Insider Brief
- Deep Robotics is deploying quadruped robots in China’s Longjing tea region to transport freshly picked leaves down steep terrain, working with JD Logistics to automate a labor-intensive step in spring harvest operations.
- The company’s LYNX M20 wheeled-legged robot and X30 quadruped are operating on narrow mountain paths and slopes of up to 45 degrees, addressing the time-sensitive need to move tea leaves to processing facilities within about an hour to preserve quality.
- The deployment targets rural labor shortages and the “first kilometer” logistics gap in agriculture, and is part of a broader “picked today, shipped today” pipeline that builds on earlier crop-handling robotics deployments in Chongqing.
Deep Robotics is deploying quadruped robots in the Longjing region for China’s spring tea season so farmers won’t have to carry their harvest down the mountain.
According to Deep Robotics, it’s working with JD Logistics, the company’s LYNX M20 wheeled-legged robot and X30 quadruped are operating in plantations near Hangzhou, carrying baskets of tea leaves along narrow mountain paths and slopes of up to 45 degrees. The robots are built to handle uneven terrain, including mud and stone steps, where transport has traditionally depended on manual labor.
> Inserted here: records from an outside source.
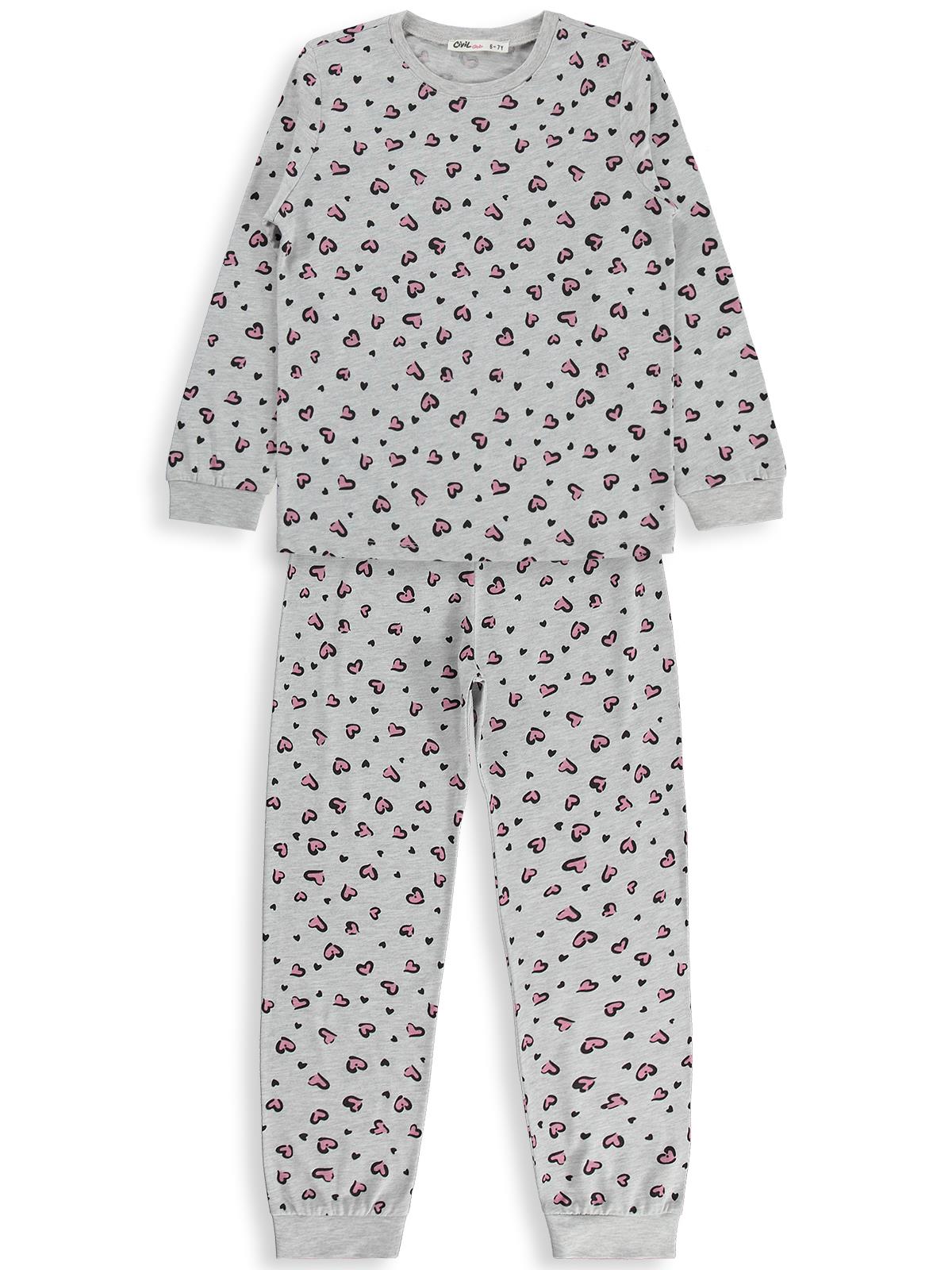 Civil Girls Leopar 10-13 Yaş Pijama Takımı - Gri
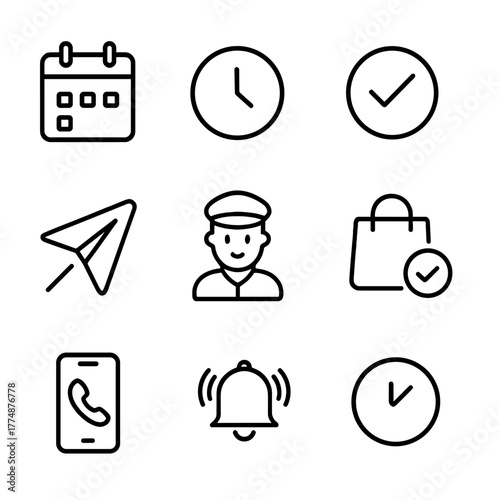 Pickup Request Icons. Outline icon set of return courier services: courier van, bike courier, drone icon,
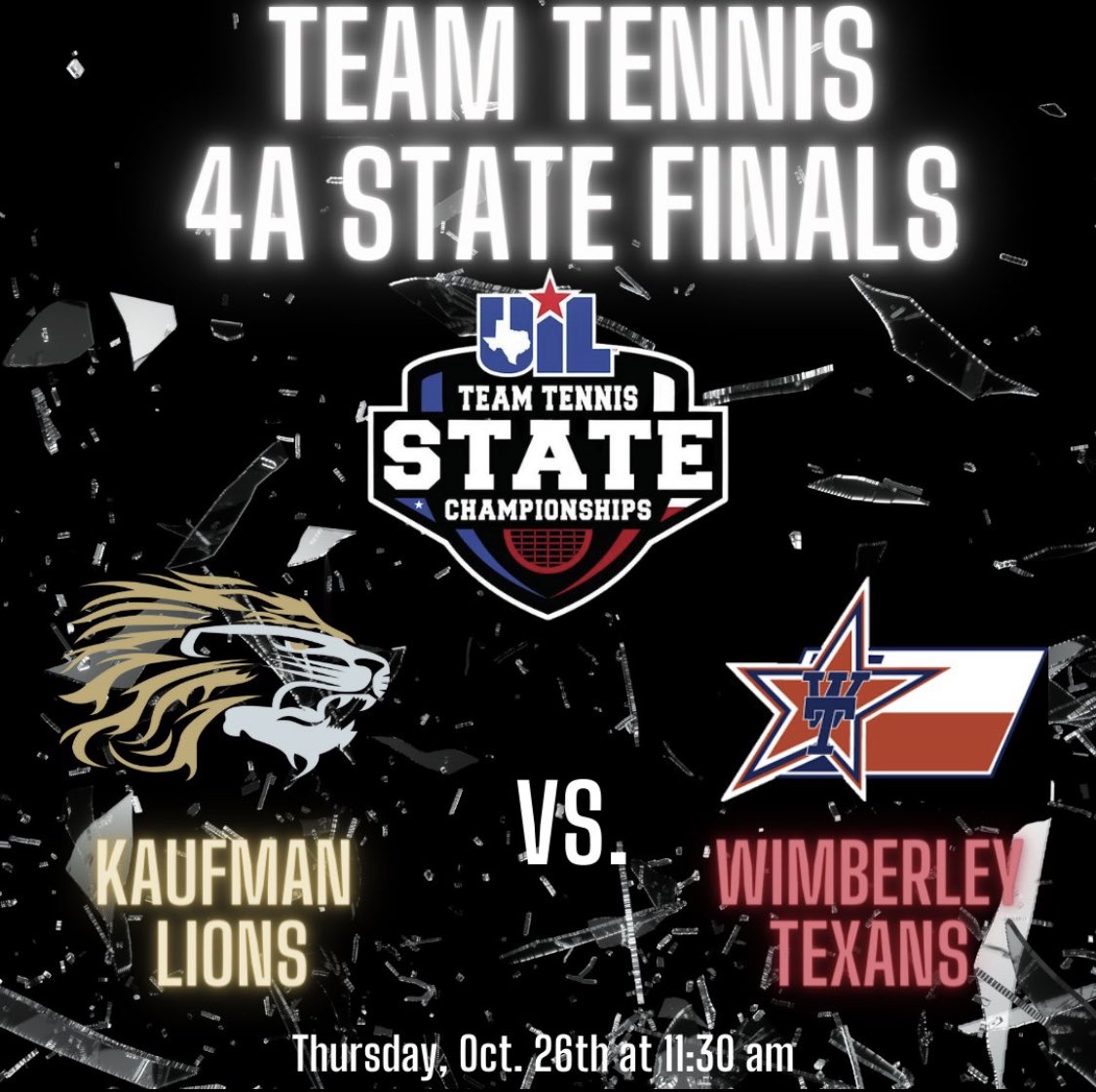 KaufmanTennis's tweet image. We have made it to the very end. Your 🦁 are in the State finals for the 2nd time in school history in Team Tennis. #leavealegacy #winstate #BeTheAlpha #nofear #BeTheDifference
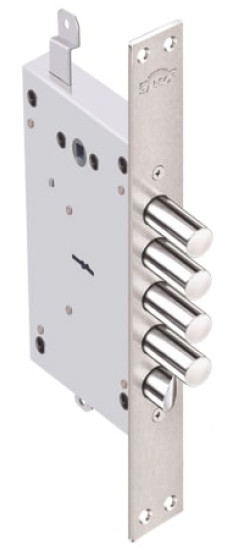 Замок врезной сувальдный с защёлкой Рубин 1.08.31 с тягами, 5 кл. /22636/ | Сталь, 18 мм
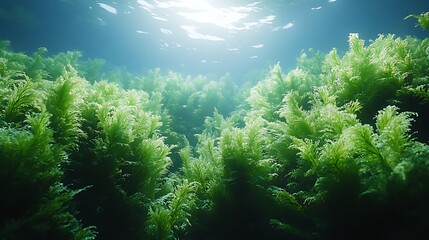 Obraz premium Underwater Green Aquatic Plants Illuminated By Sunlight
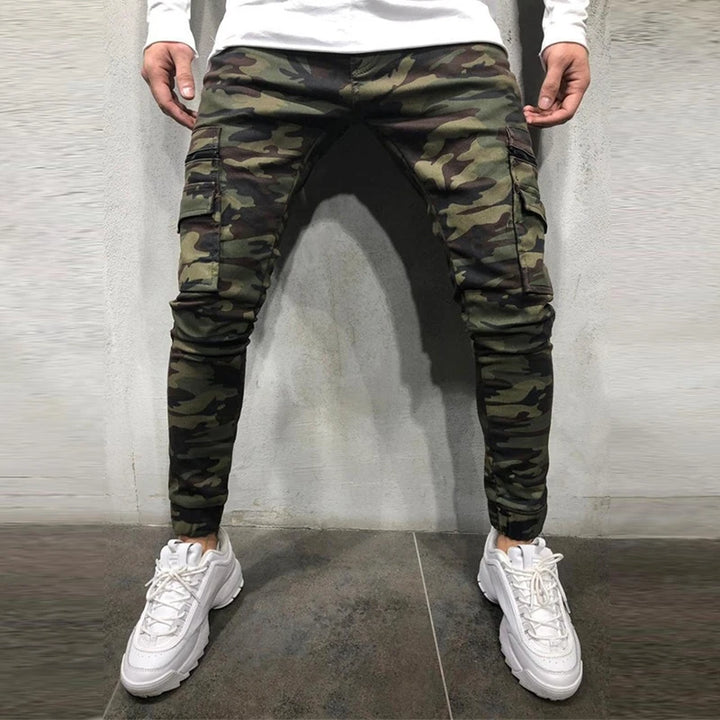 "Camo Joggers: Trendy Men's Fashion 2022! 🍃👖"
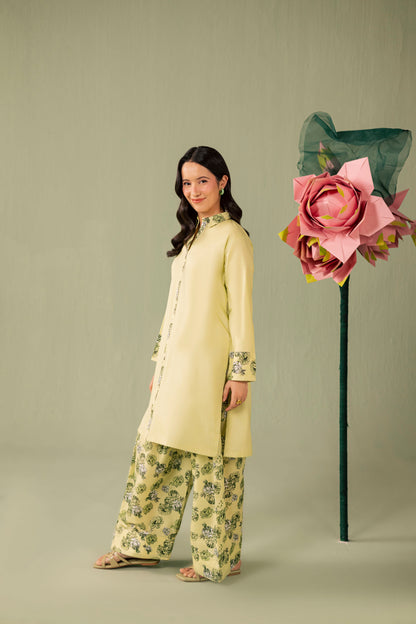 2PC Printed Solid Shalwar Kameez - AZ15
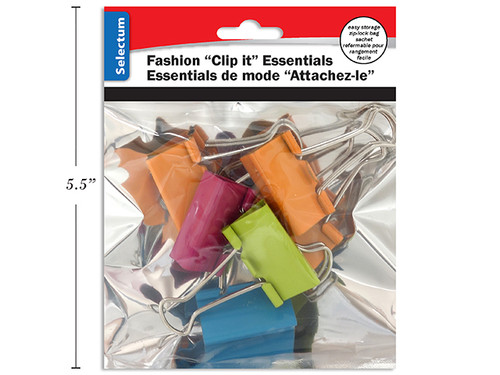 Binder Clips-Fashion/Assorted Colors 6Pk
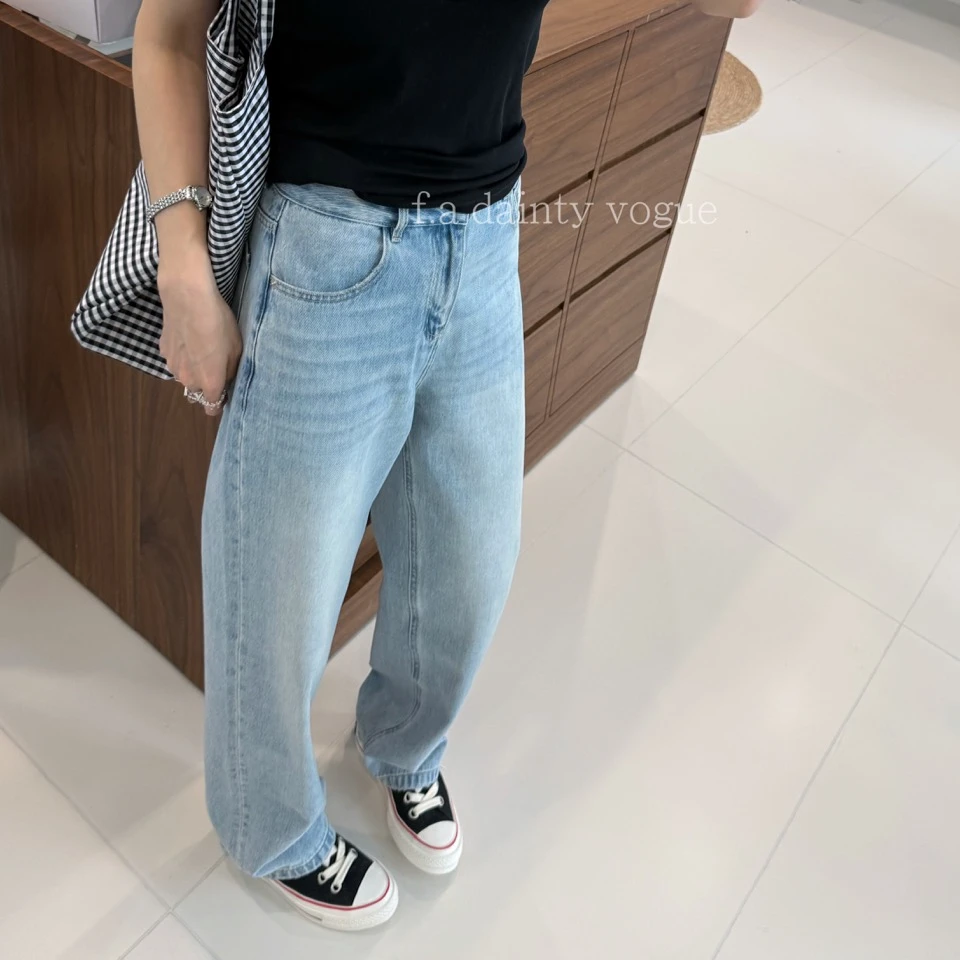 f.a[丹宁]舒适阔腿牛仔裤女高腰牛仔裤水洗休闲百搭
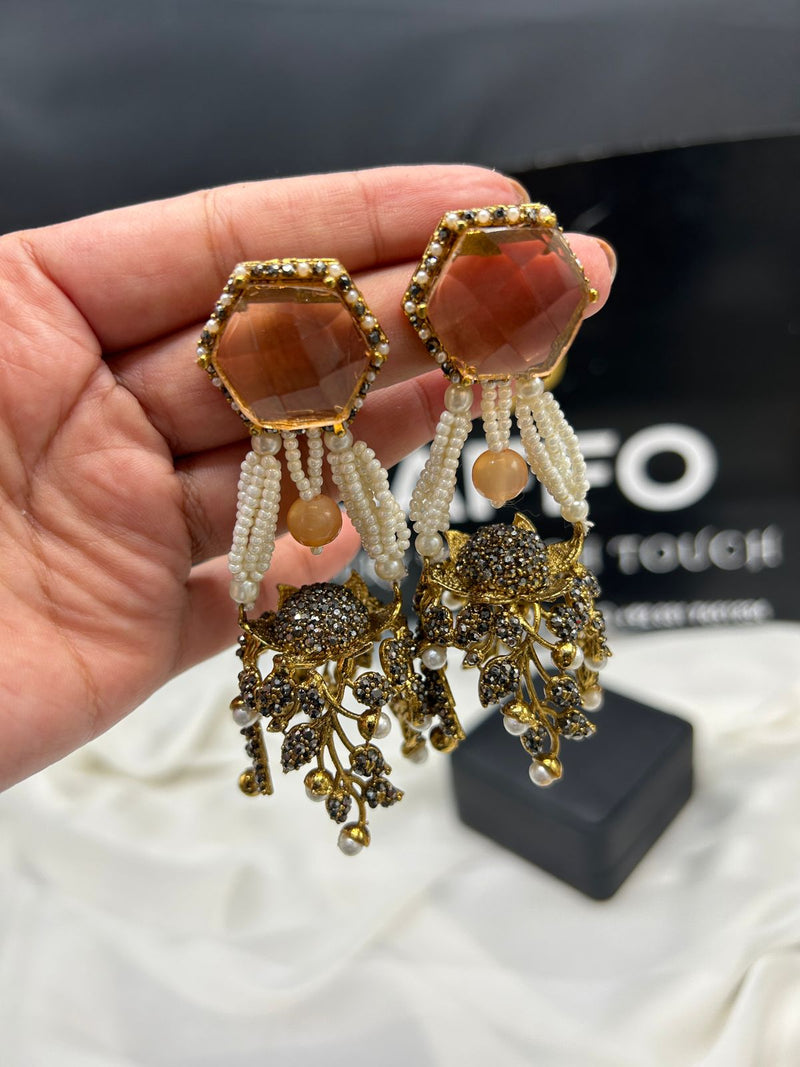 Turkish earrings with Doublet stone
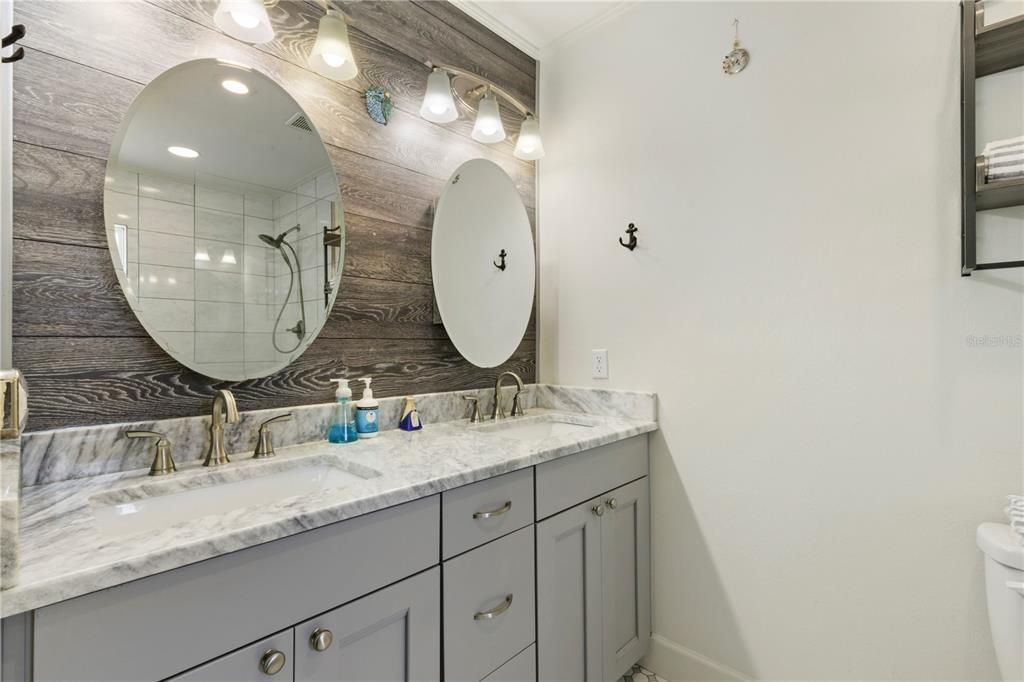 Primary Bath Dual Sink Vanity Love the Mirrors!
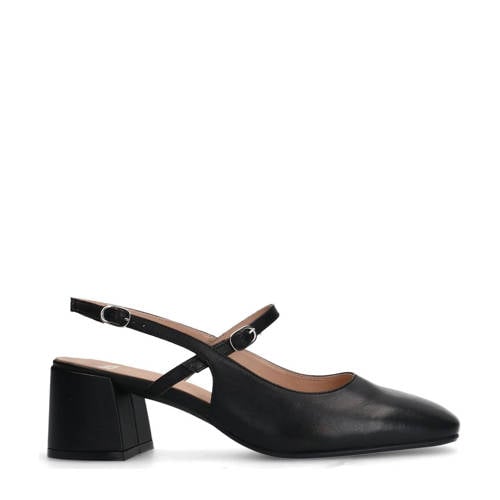 Manfield leren slingback pumps zwart afbeelding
The company, which closed a $72.6 million Series C funding round in December, indicated the deployment addresses the need for the time-sensitive transport of fresh tea leaves, which typically need to reach processing facilities within about an hour to maintain quality. Steep terrain and limited labor can slow the process, so by reducing transit times the robots help preserve product quality while easing physical strain on workers.
The company pointed out that rural labor shortages and physically demanding harvest conditions have made it harder to maintain productivity in high-value crops. Automating short-distance logistics, often referred to as the “first kilometer” problem, addresses a gap where traditional mechanization has struggled, particularly in mountainous environments.
Deep Robotics said their efforts with JD Logistics is part of a broader integrated “picked today, shipped today” pipeline in Hangzhou’s tea region, using robots to compress the time between harvest and processing and preserve product quality. The effort builds on earlier agricultural deployments in Chongqing, where the company first used robotics to handle the mustard tuber crop harvest in difficult field conditions.